X, Y = load_iris(return_X_y=True)

# Add noisy features
random_state = np.random.RandomState(0)
n_samples, n_features = X.shape
X = np.concatenate([X, random_state.randn(n_samples, 100 * n_features)], axis=1)

# Limit to the two first classes, and split into training and test
X_train, X_test, Y_train, Y_test = train_test_split(
    X[Y < 2], Y[Y < 2], test_size=0.5
)

classifier = make_pipeline(StandardScaler(), LinearSVC())
classifier.fit(X_train, Y_train)

# ROC
Y_pred_score = classifier.decision_function(X_test)
auroc_score = roc_auc_score(Y_test, Y_pred_score)
fp_rate, tp_rate, thresholds = roc_curve(Y_test, Y_pred_score)

# Find optimized threshold
gmeans = np.sqrt(tp_rate * (1 - fp_rate))
optimal_threshold_idx = np.argmax(gmeans)
optimal_threshold = float(thresholds[optimal_threshold_idx])

# Show result
fig = plt.figure()
line_width = 2
plt.plot(
    fp_rate,
    tp_rate,
    color="darkorange",
    lw=line_width,
    label=f"ROC Curve (AUROC score = {auroc_score: .2f})",
)
plt.scatter(
    fp_rate[optimal_threshold_idx],
    tp_rate[optimal_threshold_idx],
    marker="o",
    color="black",
    label=f"Optimal Threshold={optimal_threshold: .3f}"
)

plt.xlabel("False Positive Rate")
plt.ylabel("True Positive Rate")
plt.title("ROC")
plt.legend(loc="best")

Conclusion

Using right way to evaluate the classifier is important.

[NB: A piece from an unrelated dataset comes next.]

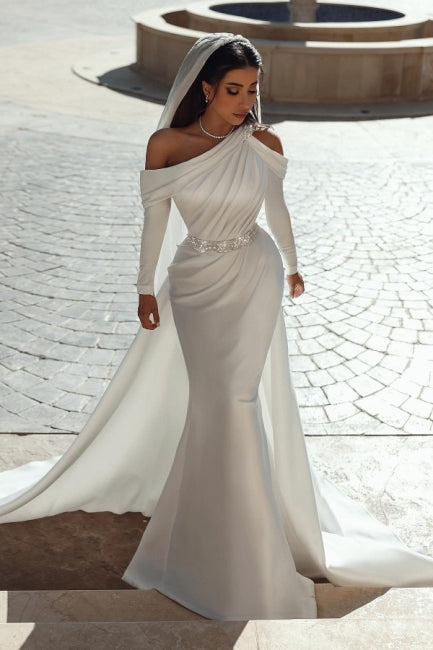 Abito da sposa sfarzoso in raso a sirena con maniche lunghe a una spalla e balze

  • Knowing the distribution of the ground truth label give us the confidence to using accuracy.

  • Use Precision, Recall, F1-score to evaluate the model if you’re more care about the performance on the positive or negative side for your use case.

  • Optimize the classifier threshold for your use case.